MOTIFS DE LA DECISION
Il est constant que suivant ordre de traitement du 14 avril 2009 n°MP00334616, monsieur C X a remis à la société COOKSON CLAL à MARSEILLE de la limaille industrielle présentée comme des 'déchets de platine fin’ d’un poids de 1 320 grammes, en vue de leur fonte avec consigne de garder le lingot et de lui téléphoner le titre.
Ce lot identifié par son numéro a été transporté par la société BRINKS au laboratoire de la société COOKSON CLAL à RILLIEUX-LA-PAPE où la fonte a été réalisée et a donné un lingot homogène de 928,90 grammes avec un pourcentage de platine de 59,60%, de rhodium de 6,70%, de nickel de 3,9%, de chrome de 5,9% et de fer de 31,30% de 21'50% soit un minimum de 31,30% de métaux non précieux.
La fonte de la limaille dont la provenance n’est pas indiquée n’ayant pas répondu aux attentes de monsieur X, celui-ci s’efforce de mettre en cause la responsabilité contractuelle et la compétence technique de la société COOKSON CLAL afin d’obtenir le paiement de dommages et intérêts équivalents à la valeur du platine pour le poids considéré à la date de la fonte.
Sur le plan juridique, aucun manquement contractuel n’est établi à l’encontre de la société COOKSON CLAL dès lors que l’ordre de traitement du 14 avril 2009 s’est contenté d’ enregistrer la déclaration de monsieur X concernant la nature de la limaille remise, que la société COOKSON CLAL a exécuté l’ordre de traitement conformément aux préconisations de celui-ci, que la consigne était de fondre le lot et de téléphoner le titrage au client, que la traçabilité du lot concerné est démontrée et que monsieur X mécontent de ce titrage a obtenu une analyse complémentaire qui a révélé une présence importante de métaux non précieux.
Monsieur X n’est pas fondé à prétendre avoir été mal informé par le site internet de la société COOKSON CLAL dès lors que les extraits du site produits par la société COOKSON CLAL établissent la parfaite clarté des explication techniques fournies.

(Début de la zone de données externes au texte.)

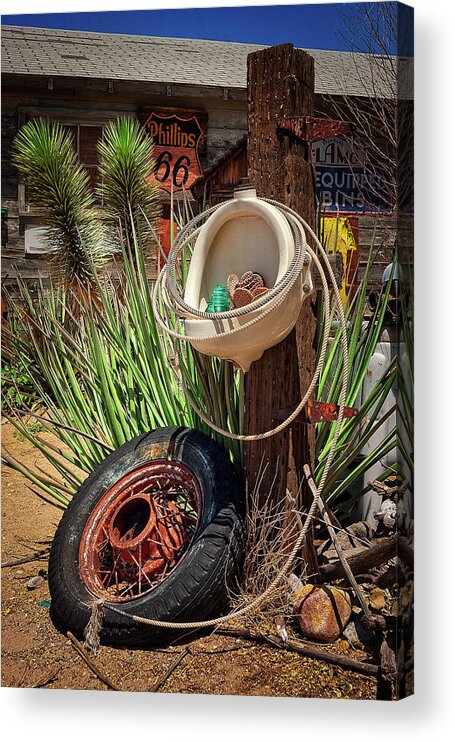 Rt 66 Acrylic Print featuring the photograph Cowboy Toilet by Jack and Darnell Est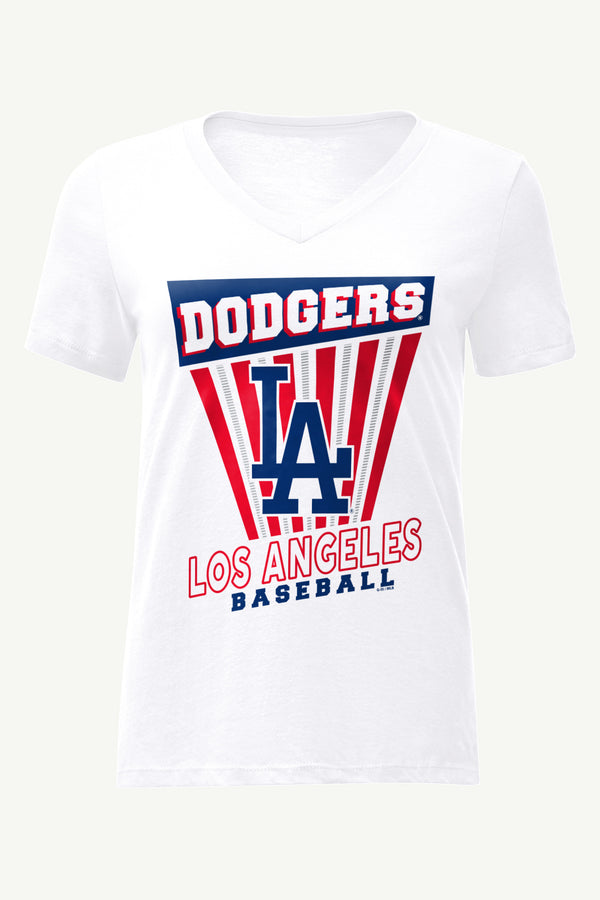 starter WOMENS LOS ANGELES DODGERS POSTER PRINT V NECK T SHIRT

Il ressort par ailleurs de l’attestation très circonstanciée établie par le directeur régional de la société COOKSON CLAL qu’il avait antérieurement reçu et renseigné monsieur X.
Il n’est pas plus fondé à prétendre que des échantillons du même lot de limaille ont été remis à deux autres laboratoires qui ont déterminé un taux de platine supérieur à celui résultant de l’analyse de la société COOKSON CLAL, dès lors qu’aucune pièce n’établit que ces échantillons proviendraient du même lot dont au surplus la provenance n’est pas connue.
Sur le plan technique, aucune faute dans le processus technique de fonte de la limaille industrielle remise par monsieur X et d’analyse du lingot obtenu n’est démontrée justifiant que soit ordonnée une mesure d’expertise.
Il convient en conséquence de confirmer le jugement entrepris en toutes ses dispositions en ce compris les dépens.
La demande de dommages et intérêts pour procédure abusive formée par la société COOKSON CLAL sera rejetée dès lors qu’il n’est pas établi que monsieur X ait agi avec l’intention de nuire ou avec une légèreté équivalente au dol.
Monsieur X qui succombe n’est pas fondé en sa demande au titre de l’article 700 du code de procédure civile et supportera les dépens d’appel.
Il conient en équité de condamner monsieur X à payer à la société COOKSON CLAL la somme de 4 000 euros par application de l’article 700 du code de procédure civile pour les frais irrépétibles engagés en cause d’appel.
PAR CES MOTIFS
La Cour, statuant contradictoirement et en dernier ressort,
Donne acte à monsieur C X de ce qu’il se désiste de sa demande à l’encontre de la SOCIETE D’AFFINAGE ET APPRETS DE METAUX PRECIEUX,
Constate le dessaisissement de la Cour concernant cet intimé,
Confirme le jugement entrepris en toutes ses dispositions en ce compris les dépens,
Ajoutant
Déboute monsieur C X de toutes ses demandes, fins et conclusions,
Déboute la société COOKSON CLAL de sa demande de dommages et intérêts pour procédure abusive,
Condamne monsieur C X à payer à la société COOKSON CLAL la somme de 4 000 euros par application de l’article 700 du code de procédure civile,
Condamne monsieur C X aux dépens d’appel qui seront recouvrés conformément aux dispositions de l’article 699 du code de procédure civile.